During World War II on Dec. 7, 1941, General Abbey reported to West Point to serve as senior ground school instructor at Stewart Field, N.Y. In November 1943 he attended the Central Instructor School at Lockbourne Army Air Base, Ohio, and then served three months as commandant of crews at the Combat Crew Training Center at Ardmore, Okla. He went to Italy in May 1944 and commanded the 49th Bombardment Squadron. He flew 29 combat missions over northern France, Italy, Germany and the Balkans, logged 250 combat hours and became deputy commander of the 2d Bombardment Group, 15th Air Force.

In March 1945 General Abbey was transferred to Washington, D.C., and assigned to the War Department general staff in the operations and plans division. Before leaving the general staff in 1948 he progressed to the position of executive officer, plans and operations division. He attended Georgetown University from August 1948 to February 1950 and earned a master of arts degree in international relations. From February 1950 to July 1952, he served on the joint strategic plans group in the organization of the Joint Chiefs of Staff.

General Abbey returned to Europe in 1952 as chief of the Air Force section, Military Assistance Advisory Group, in the Netherlands. He returned to the United States in August 1955 to enter the National War College at Fort McNair, Washington, D.C. After graduation he served as a faculty member at the National War College for two years.

In July 1958 he was reassigned to Headquarters U.S. Air Force as chief of the policy division, deputy chief of staff for plans and programs, and later held the position of assistant deputy director for policy.
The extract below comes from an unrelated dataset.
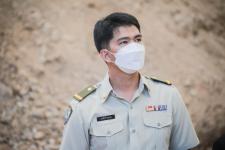 นายกองค์การบริหารส่วนจังหวัดตาก ในฐานะผู้อำนวยการอุทยานธรณีไม้กลายเป็นหินตาก พร้อมด้วยผู้บริหาร และหัวหน้าส่วนการงานองค์การบริหารส่วนจังหวัดตาก ร่วมเป็นสักขีพยานในการวัดความยาวของไม้กลายเป็นหินหลุมที่ 1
General Abbey served from August 1959 to August 1960 as deputy commander 3575th Pilot Training Wing at Vance Air Force Base, Okla., and from October 1960 to March 1963 as commander, 3525th Pilot Training Wing, at Williams Air Force Base, Ariz. In March 1963 he was assigned as director, plans and policies, J-5, North American Air Defense Command, Ent Air Force Base, Colo.

In July 1965 General Abbey went to the Republic of Vietnam as the deputy chief of staff, Military Assistance Command, Vietnam. In October 1966 he returned to Washington, D C, as assistant chief of staff for reserve forces, Headquarters U.S. Air Force. He assumed duties as director, Combat Operations Center, North American Air Defense Command/Continental Air Defense Command, Ent Air Force Base, Colo., in February 1968.

General Abbey became the first commander of the 24th NORAD/CONAD region with headquarters at Malmstrom Air Force Base, Mont., upon its inception in November 1969 in conjunction with the NORAD forces realignment.

His military decorations include the Legion of Merit with oak leaf cluster, Distinguished Flying Cross, Air Medal with two oak leaf clusters and the Croix de Guerre with Palm (France).

He was promoted to the temporary grade of major general effective Oct. 1, 1965, with date of rank April 4, 1961.